Photo 4 : Carte présentant la France après l’armistice du 22 juin 1940. 


I. La répression en Alsace.


Photo 5 : M. Jean-Laurent Vonau explique qui est le Gauleiter Robert Wagner.


Le conférencier, auteur de l’ouvrage Le Gauleiter Wagner, le bourreau de l’Alsace, a montré en quoi ce haut dignitaire du parti nazi était une véritable incarnation du Mal, fanatique et sans scrupules. Le Gauleiter Wagner s’était engagé auprès de Hitler à « germaniser l’Alsace en moins de cinq ans ». De 1940 à 1945, « le bourreau de l’Alsace » a réalisé l’annexion de fait de la région au IIIème Reich, ordonné l’incorporation de force de 100 000 « Malgré Nous » alsaciens, décidé l’exécution des évadés de Ballersdorf et des résistants de la Main Noire, organisé l’embrigadement des jeunes garçons et filles dans les organisations paramilitaires du RAD, soutenu activement les sinistres expériences menées par les médecins nazis sur des détenus du Struthof... Un effrayant bilan ! Nazi de la première heure et serviteur zélé de Hitler, le Gauleiter Wagner exerça un pouvoir sans partage, poussant l’idéologie nationale-socialiste à son paroxysme. Au printemps 1946, son procès et celui de ses complices mirent en émoi toute l’Alsace, sortie traumatisée de la guerre. Jamais Wagner n’émit le moindre regret. Au moment de son exécution, il s’écria : « Vive Hitler ! Vive l’Alsace allemande ! ». 


Photo 6 : Gustav Adolf Scheel, patron de la police de sécurité et du SD en Alsace en 1940.
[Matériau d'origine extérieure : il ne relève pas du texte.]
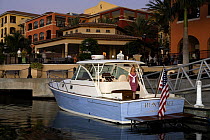 Surf Hunter 33 Jet boat moored at Marco Island, Florida, USA. Model and property released.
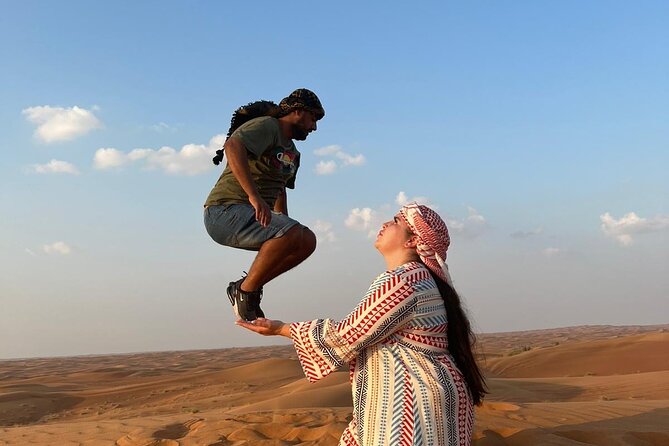 Evening Desert Safari Camel Ride Dinner Live Shows in Abu Dhabi - Sandboarding for an easy extra thrill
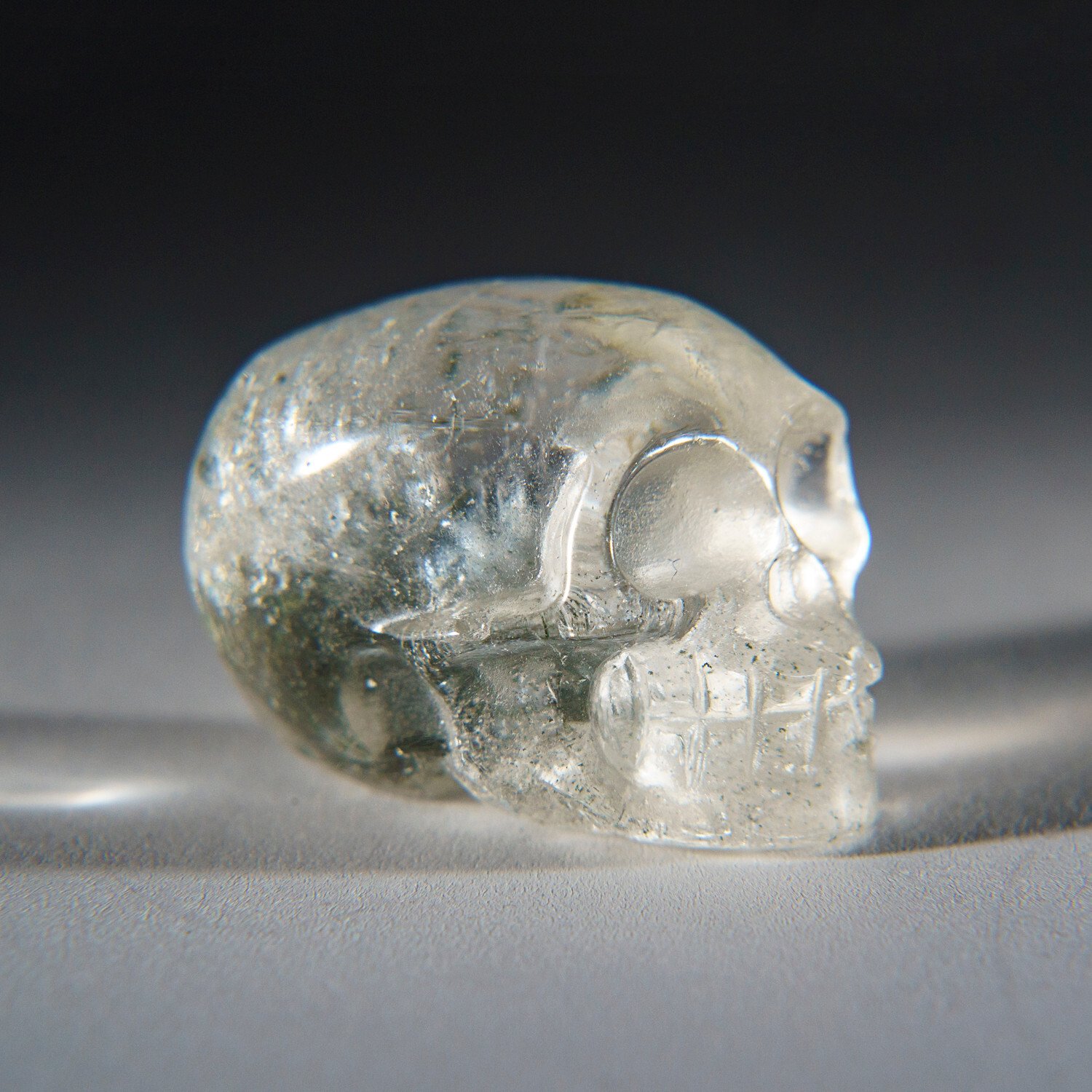 Genuine Polished Clear Quartz Skull Carving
Si le Gauleiter Wagner avait des pouvoirs exorbitants, ajoute le conférencier, un seul domaine lui échappe, celui des armées et de la police, c’est Himmler qui en a la haute main. La répression politique relève de la Gestapo (police secrète d’Etat) et du SD (Sicherheitsdienst – service de sécurité). Dès juillet 1940, Gustav Adolf Scheel est devenu commandant de la police de sûreté (SIPO) et du service de la sécurité-renseignement (SD) en Alsace annexée (Befehlshaber der Sicherheitspolizei).  En Alsace, une toile d’araignée oppressive est mise en place, en utilisant les services des Vertrauungsmänner (des hommes de confiance, ce sont des fonctionnaires qui travaillent de manière permanente pour repérer les insoumis), et des Zubringermänner (des hommes qui dénoncent occasionnellement les récalcitrants, toujours pour de l’argent…). Il y a deux Kommandos de la Gestapo, l’un situé à Strasbourg, l’autre à Mulhouse. Un camp est créé dans la vallée de la Bruche pour briser la résistance politique dans le Bas-Rhin et le Haut-Rhin. Le camp de redressement de Vorbruck-Schirmeck va être aménagé dès le 6 juillet et sera opérationnel à partir du 13 juillet. « Plus qu’un camp de rééducation (Erziehungslager ou Umschulungslager), plus qu’un camp de triage (Auffanglager), ce Sicherungslager est un camp de sureté », précise le conférencier, « c’est le seul de l’univers concentrationnaire allemand, il devait rééduquer les réfractaires par la torture, la répression, voire la disparition… ». Près de 15 000 personnes sont passées par ce camp entre le 13 juillet 1940 et le 23 novembre 1944, et au moins 500 d’entre elles sont mortes lors de cette détention. Environ 60 policiers étaient affectés à la surveillance du camp de Schirmeck : un tiers des effectifs faisaient de l’excès de zèle dans les brimades, les coups, les humiliations.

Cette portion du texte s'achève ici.